**ABOUT THIS TASK:**
Leave the pictures out. Retype exactly the lines below from the one containing "Gold Color Dove" through the one containing "Leoparden Leopard - Closable", and no others.

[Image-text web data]
■ ■ ■ ■
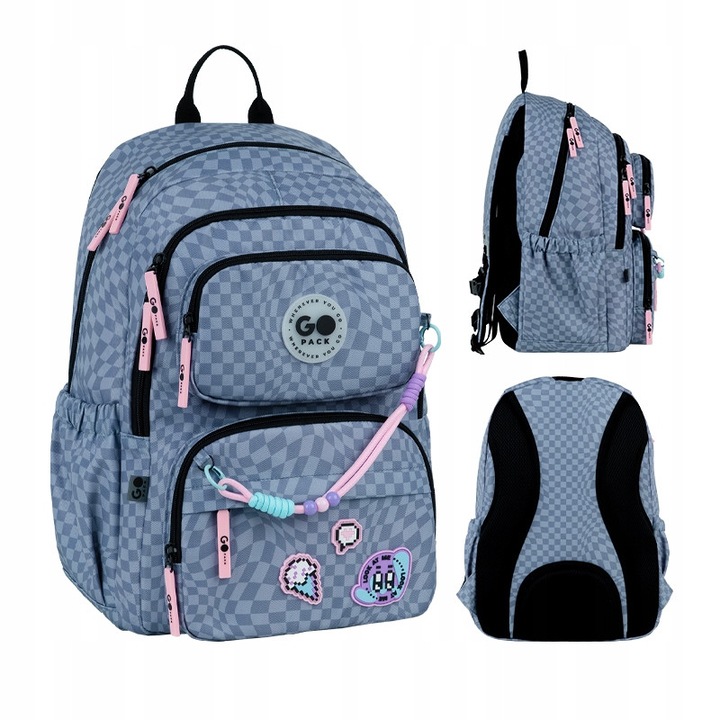 Rucsac scolar pentru fete, 9–12 ani, cu compartimente multiple si design ergonomic pentru gimnaziu, gri, GoPack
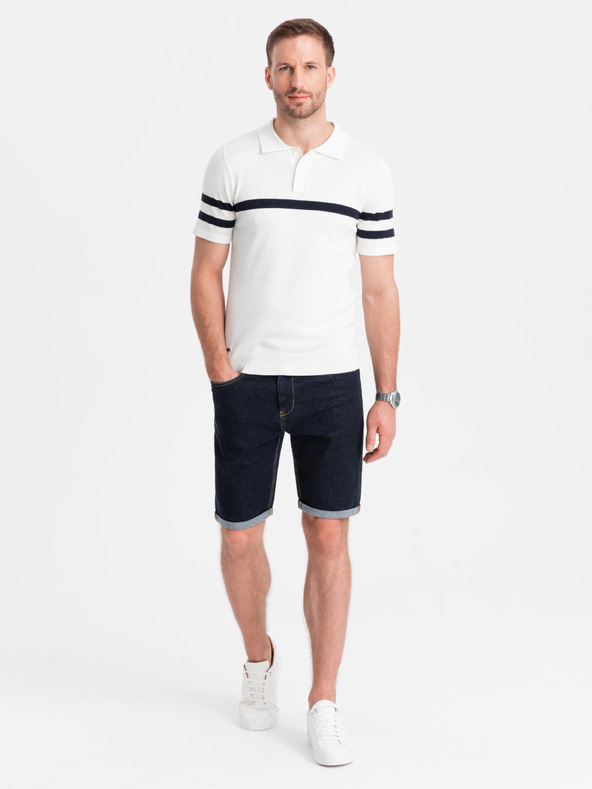 Ombre Clothing Pánské džínové šortky s ohrnutými nohavicemi Ombre Clothing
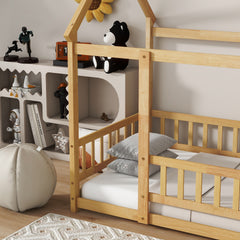 Twin Size House Floor Wooden Bed with Roof Frame,Safety Guardrails,Natural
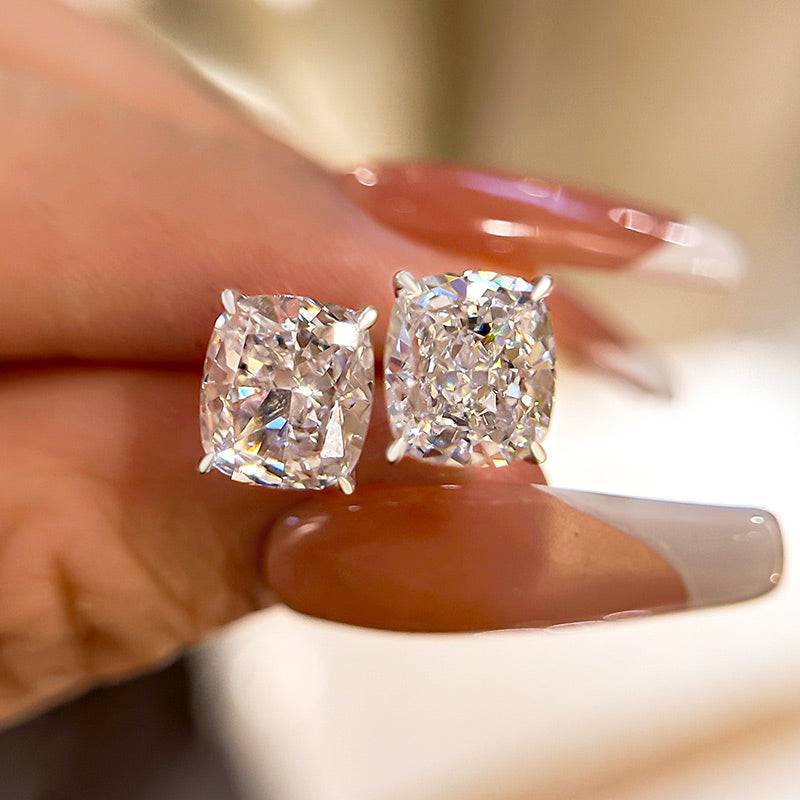 2.0Ct Classic Cushion Cut Women's Stud Earrings In Sterling Silver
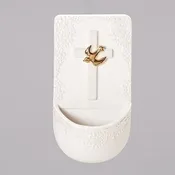 7"  Holy Water Font - White with Gold Color Dove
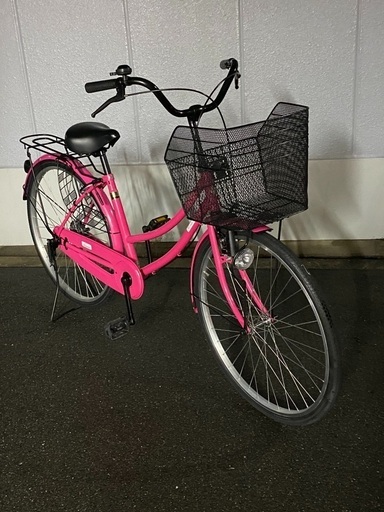 ママチャリ26インチピンク (ベルソー) 高槻の自転車の中古あげます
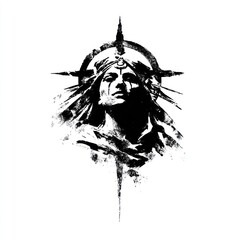 Black and white portrait, stylized figure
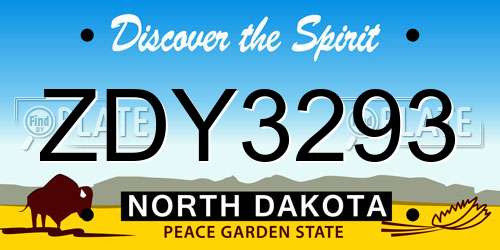 ZDY3293 North Dakota License Plate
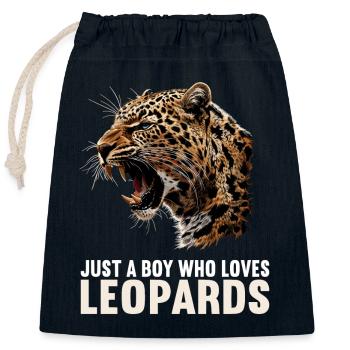 Leoparden Leopard - Closable cotton gift bag (25x30cm) - navy - Front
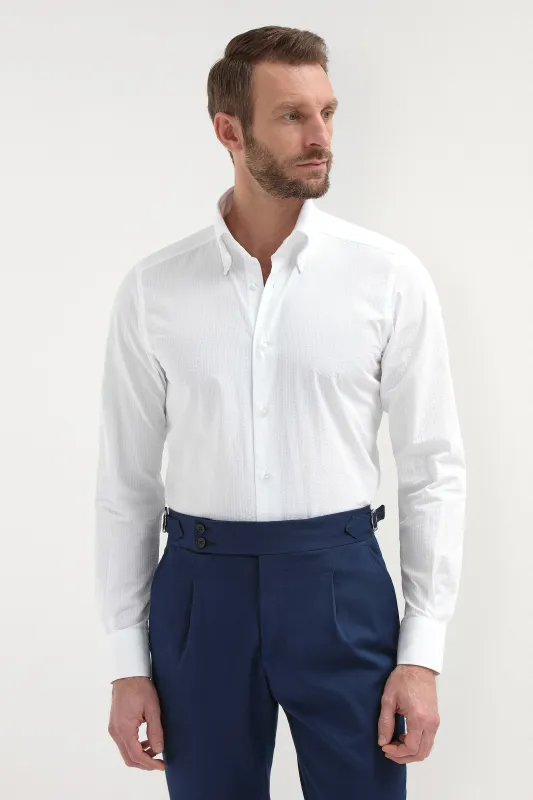 White seersucker button down shirt - Made In Italy sold by Pini Parma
■ ■ ■ ■
**EXERCISE SOLUTION:**
 7"  Holy Water Font - White with Gold Color Dove
 ママチャリ26インチピンク (ベルソー) 高槻の自転車の中古あげます
 Black and white portrait, stylized figure
 ZDY3293 North Dakota License Plate
 Leoparden Leopard - Closable cotton gift bag (25x30cm) - navy - Front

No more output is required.